Ce point de basculement est-il seulement technologique ?

L'histoire de l'humanité connaît, en même temps, un autre tournant décisif : depuis 2007, plus de la moitié de la population mondiale est urbaine. Après un demi-siècle qui a contribué comme jamais à l'augmentation de notre espérance de vie, ce progrès semble maintenant impacté par la sédentarité, l'obésité, les pollutions, devenues la première cause de mortalité dans le monde, la mauvaise alimentation. Les Homo sapiens n'ont jamais été aussi nombreux sur la Terre, mais ils n'ont jamais si peu marché. La réplique écrite par Michel Audiard pour le film de Denys de La Patellière, Un taxi pour Tobrouk (1961), est, à ce propos, très éclairante : «L'homme de Néandertal est train de nous le mettre dans l'os. Deux intellectuels assis vont moins loin qu'une brute qui marche.»

En quoi la survie de notre espèce dépend-elle de la marche ?

Le bipède humain a besoin de marcher et de parler pour penser, pour créer. Des études récentes menées à l'université Stanford montrent que les personnes qui marchent ont une créativité supérieure de 60 % à celles et ceux qui restent assis. Ce qui importe, c'est de déambuler, que ce soit à l'intérieur ou à l'extérieur, sur un tapis roulant, dans les rues ou par les chemins. D'après leurs résultats, la marche est propice à faire émerger de nouvelles idées, de nouveaux concepts, de nouvelles associations, de nouvelles hypothèses.

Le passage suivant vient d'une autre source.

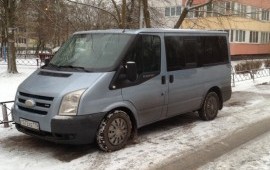 Перевозки на микроавтобусе СПБ, Лен. область, РФ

Ainsi, Rimbaud avalait des distances de plusieurs centaines de kilomètres entre la Lorraine, la Belgique et Paris. Vladimir Nabokov suggérait aux enseignants d'inviter leurs étudiants à suivre sur une carte les parcours dans Dublin du protagoniste du roman Ulysse de James Joyce ou de Mrs Dalloway de Virginia Woolf dans Londres. Le langage et la marche procèdent selon les mêmes chemins analogiques de la pensée et du sens, que ce soit pas à pas ou son après son. Un pas ou un son isolé ne portent aucune signification, au mieux un signal. C'est leur alignement - un parcours accompli ou une phrase énoncée - qui fait sens. Marche et langage accompagnent le genre Homo depuis ses origines.

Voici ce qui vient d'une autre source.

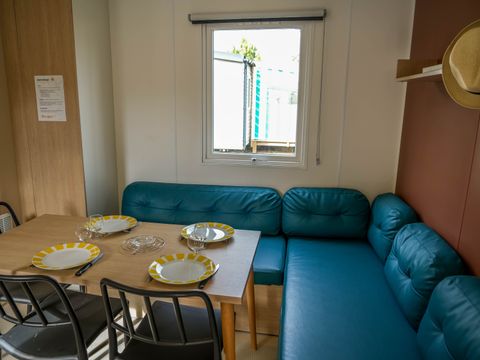 MOBILHOME 7 personnes - Pinède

Vous citez Virginia Woolf. Quel est le rapport de la femme à la marche ?

Les racines du mal qui entrave la marche des femmes ne se dissimulent pas dans leur anatomie, leur physiologie, leurs jambes ou encore pendant la grossesse. Elles sont profondément ancrées dans les lourds méandres de toutes les idéologies de la domination masculine. Celle-ci commence dès Lucy et les australopithèques… quand les femelles (au sens éthologique) sont obligées de consacrer plus de temps à leur progéniture tandis que les mâles se préoccupent de chercher la nourriture. Ce moment est crucial, c'est un coup d'Etat sociologique. On voit ici que la domination masculine n'est pas génétique. Les mâles ont réussi un coup de force qui perdure et que l'on justifie encore aujourd'hui. Cette question n'est pas assez abordée en philosophie, ni même en paléoanthropologie. Les deux seuls ouvrages consacrés aux origines de la marche tout en s'inquiétant des fondements possibles des différences sexuelles sont ceux de l'essayiste américaine Rebecca Solnit, l'Art de marcher, et de Christopher McDougall, Born to Run.

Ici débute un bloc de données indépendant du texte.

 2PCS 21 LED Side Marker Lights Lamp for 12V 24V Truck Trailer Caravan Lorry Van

Dans toute la littérature consultée, j'ai rencontré peu de femmes, même si l'un des livres les plus intéressants, si ce n'est le plus intéressant, l'Art de marcher, est l'œuvre de l'une d'entre elles.

Qui sont ces femmes qui marchent ?

La liste est courte et on peut les citer : Simone de Beauvoir, Virginia Woolf, George Sand, Alexandra David-Néel, Colette pour les plus célèbres, non pas pour leur goût de la marche, mais pour leurs œuvres littéraires. On imagine sans peine leurs difficultés à emprunter les chemins créés parmi les sociétés des hommes. Rebecca Solnit rappelle que les associations ou sociétés anglaises de marcheurs étaient exclusivement masculines alors que le Sierra Club de Californie était d’emblée ouvert aux femmes. Et ce n’est certainement pas parce que les femmes seraient moins aptes à la marche. Elles font au moins aussi bien que les hommes dans les ultramarathons.

Les raisons de l’absence des femmes sur les chemins sont donc essentiellement politiques et sociologiques ?

Pour Hobbes, l'«homme est un loup pour l'homme». On pourrait ajouter que «l'homme est un loup pour la femme». Quand George Sand s'habillait en homme, ce n'était pas tant par provocation que pour s'assurer de pouvoir marcher librement. Simone de Beauvoir rappelle également combien de fois on lui conseillait de ne pas s'aventurer seule sur les chemins. Rebecca Solnit évoque toutes ces femmes qui ne peuvent marcher autrement qu'avec des habits d'homme ou en leur compagnie. Et de constater : «A l'instar de la grande majorité des femmes, j'ai rencontré trop de prédateurs pour ne pas avoir appris à penser comme une proie…» Il est effrayant de réaliser combien les sociétés humaines et ses individus mâles oppressent les femmes, ce qui passe par toutes les entraves faites à leurs possibilités de marcher. Dans un chapitre terrifiant intitulé «La nuit. Scènes de la vie nocturne», Rebecca Solnit nous entraîne parmi tous les sévices faits aux femmes dans les villes, des premières cités assyriennes à nos cités modernes. Jusqu'au milieu du XXe siècle, en dehors de certaines heures et de certains lieux, les femmes marchant dans la rue étaient immédiatement appréhendées, accusées de racolage et soumises à des examens intimes humiliants, pouvant se terminer en viols «chirurgicaux». La femme qui marchait dans la ville était forcément une prostituée ; il suffit de penser aux variations de sens entre le féminin et le masculin de «péripatéticien».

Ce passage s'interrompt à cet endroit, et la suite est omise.